The Zero Room

"Inside the TARDIS there are an awful lot of rooms - libraries, gardens, swimming pools, and even a cricket pavilion. Plus two control rooms, a boot cupboard, a very large costume wardrobe and a pink Zero Room."

Wednesday, November 03, 2004

El Dia de los Muertos

Yesterday was the Day of the Dead in Mexico. An intensely interesting thing, this Day of the Dead, with its celebrations and its sugar skulls...The article below is from Yahoo via Reuters. I have often wished very badly that I could participate in this Day, with its celebrations.

Cheering the Day of the Dead with Food, Flowers

Tue Nov 2, 8:33 AM ET

By Tim Gaynor

CIUDAD JUAREZ, Mexico (Reuters) - From indigenous Indian villages to violence-torn cities on the U.S. border, millions of Mexicans trekked to cemeteries on Monday to honor their dead with flowers, food and musical tributes.

The two-day celebration has its roots in Roman Catholic tradition and ancient pagan rites where families honor dead relatives by cleaning their graves, offering them favorite food, laying out flowers and even serenading them with the music they used to love.

Drawing on a belief of the Tarascan people in central Mexico that departed souls can be lured back, the celebration begins on Nov. 1 with the Day of the Innocents to honor departed children while the Day of the Dead on Nov. 2, coinciding with All Souls' Day, is to remember adults.

The tradition is one of the most colorful and deep-rooted in Mexico and celebrated by factory workers in boomtowns along the U.S. border, urban professionals in the capital and among traditional Mayan communities in the tropical south.

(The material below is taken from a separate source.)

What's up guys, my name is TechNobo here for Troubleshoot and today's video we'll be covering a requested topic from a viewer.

"It's a happy occasion because you're remembering someone beloved," barman Alfredo Rodriguez said in Ciudad Juarez, across the border from El Paso, Texas.

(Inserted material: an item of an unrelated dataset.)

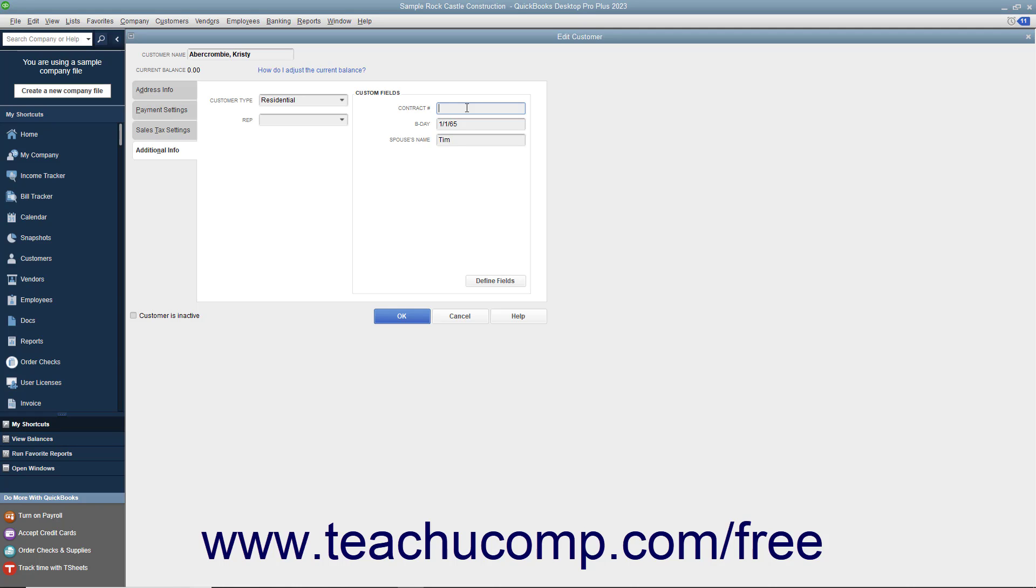For example, you could add fields for color, size, and style to your item list to create items with the same general description in your inventory and then differentiate between them by color, size, and style.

The party mood inside cemeteries amounts to a celebration of death, even in Ciudad Juarez, where a horrific 11-year killing spree has claimed the lives of well over 300 women.

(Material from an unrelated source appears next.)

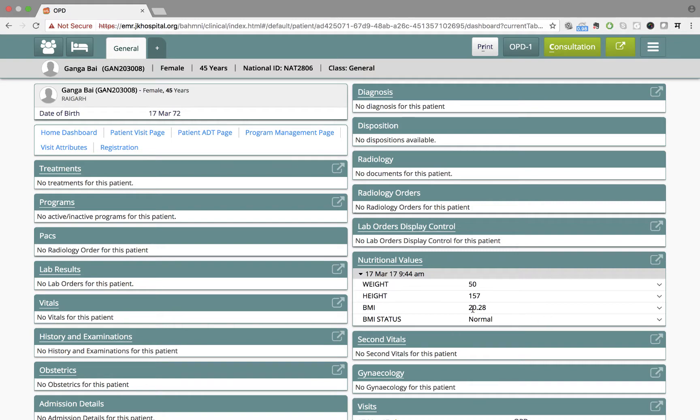As you can see, Dr. Sharma would be able to see the nutritional values: weight, height, BMI, BMI status that were captured by the registration clerk at the registration desk.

Those murders, the failure of authorities to catch the killers and vicious turf wars between rival drug gangs have seen Ciudad Juarez dubbed "The City of the Dead."

MOCK AND EMBRACE DEATH

But Mexicans both mock and embrace death in these annual celebrations.

"You have to smile, as you'll be joining them soon enough," Rodriguez quipped as he tended the tiny grave of his brother Jose Antonio, who died aged four months in 1974.

"It's a day for everyone in the city to remember their dead, and we make a party of it," working mother Sofia Lopez said in Ciudad Juarez as she knelt to heap golden marigolds on the dirt grave of her daughter, Elizabeth, who died in 1990.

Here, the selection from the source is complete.